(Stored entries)
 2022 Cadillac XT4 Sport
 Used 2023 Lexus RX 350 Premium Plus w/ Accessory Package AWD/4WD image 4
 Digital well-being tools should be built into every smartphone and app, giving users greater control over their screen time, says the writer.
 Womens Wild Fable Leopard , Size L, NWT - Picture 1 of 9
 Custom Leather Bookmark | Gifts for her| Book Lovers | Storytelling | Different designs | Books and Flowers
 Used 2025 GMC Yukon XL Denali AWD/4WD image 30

> _WHAT THE EXERCISE ASKS_:
The response should consist of every record above, reproduced exactly.

> _ANSWER FOR THE TASK_:
 2022 Cadillac XT4 Sport
 Used 2023 Lexus RX 350 Premium Plus w/ Accessory Package AWD/4WD image 4
 Digital well-being tools should be built into every smartphone and app, giving users greater control over their screen time, says the writer.
 Womens Wild Fable Leopard , Size L, NWT - Picture 1 of 9
 Custom Leather Bookmark | Gifts for her| Book Lovers | Storytelling | Different designs | Books and Flowers
 Used 2025 GMC Yukon XL Denali AWD/4WD image 30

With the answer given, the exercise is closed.